WHAT IS REQUIRED
Beginning at the top of the data below, restate every line word for word until the line containing "732 Mockingbird Ln, Deland, FL" has been included, and omit the pictures.

##### PROVIDED RECORDS

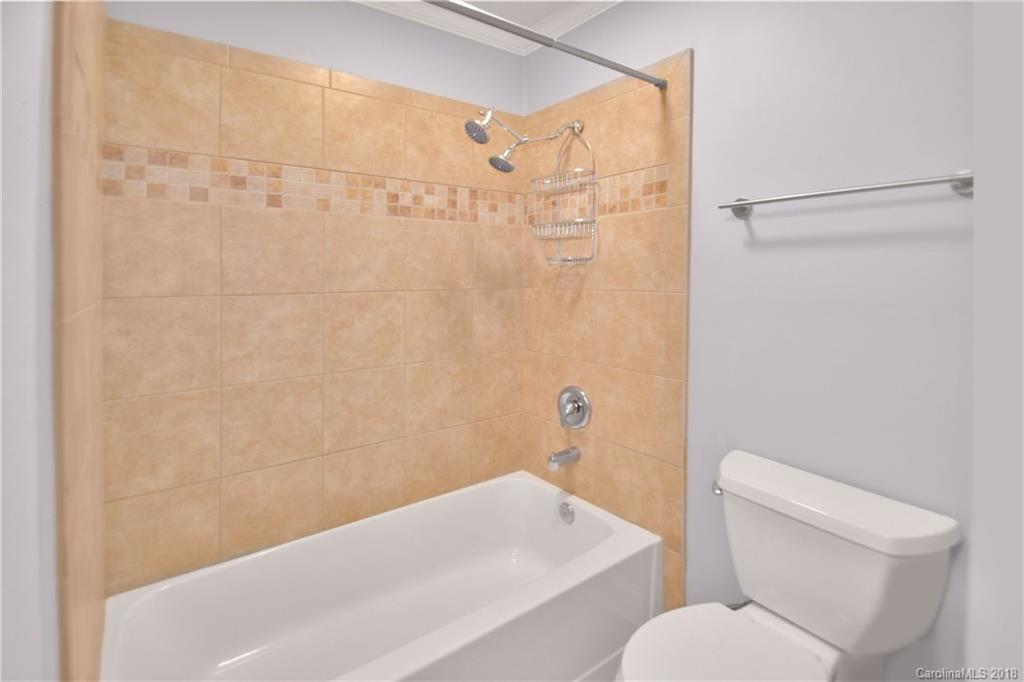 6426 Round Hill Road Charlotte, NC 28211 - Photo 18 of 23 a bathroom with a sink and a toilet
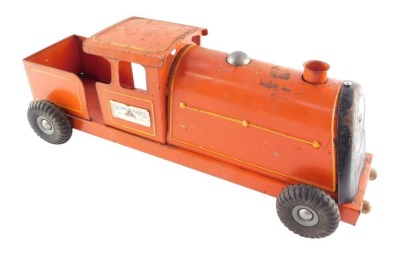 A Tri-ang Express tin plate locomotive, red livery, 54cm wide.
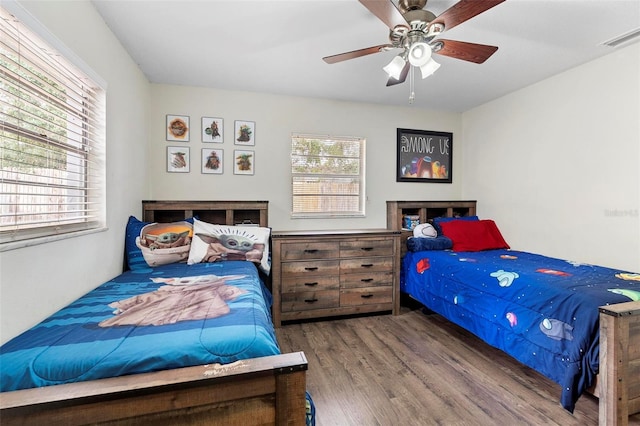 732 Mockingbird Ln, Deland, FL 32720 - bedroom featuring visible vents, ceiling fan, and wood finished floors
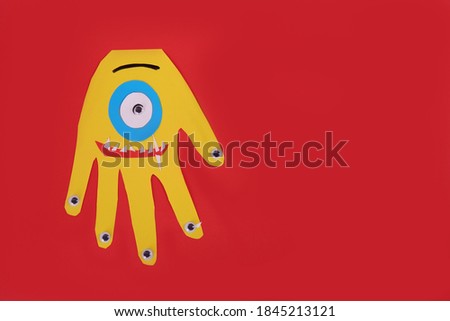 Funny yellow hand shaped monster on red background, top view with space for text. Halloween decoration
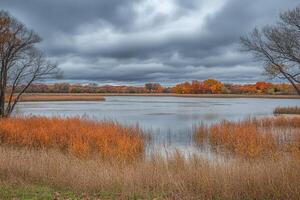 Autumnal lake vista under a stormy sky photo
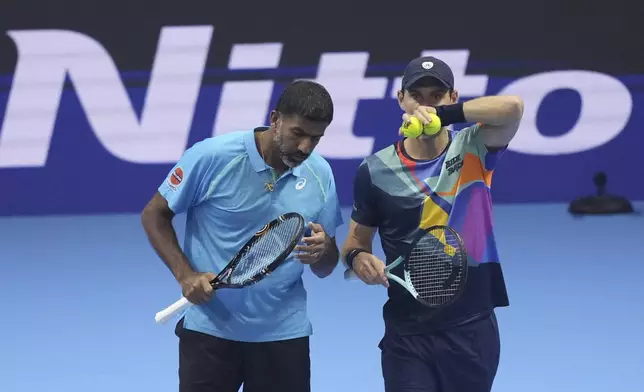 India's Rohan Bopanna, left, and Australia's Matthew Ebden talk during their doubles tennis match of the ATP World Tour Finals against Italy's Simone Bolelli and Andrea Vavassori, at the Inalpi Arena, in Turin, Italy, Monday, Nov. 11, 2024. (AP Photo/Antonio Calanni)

##########

ANSWER BOX
 6426 Round Hill Road Charlotte, NC 28211 - Photo 18 of 23 a bathroom with a sink and a toilet
 A Tri-ang Express tin plate locomotive, red livery, 54cm wide.
 732 Mockingbird Ln, Deland, FL 32720 - bedroom featuring visible vents, ceiling fan, and wood finished floors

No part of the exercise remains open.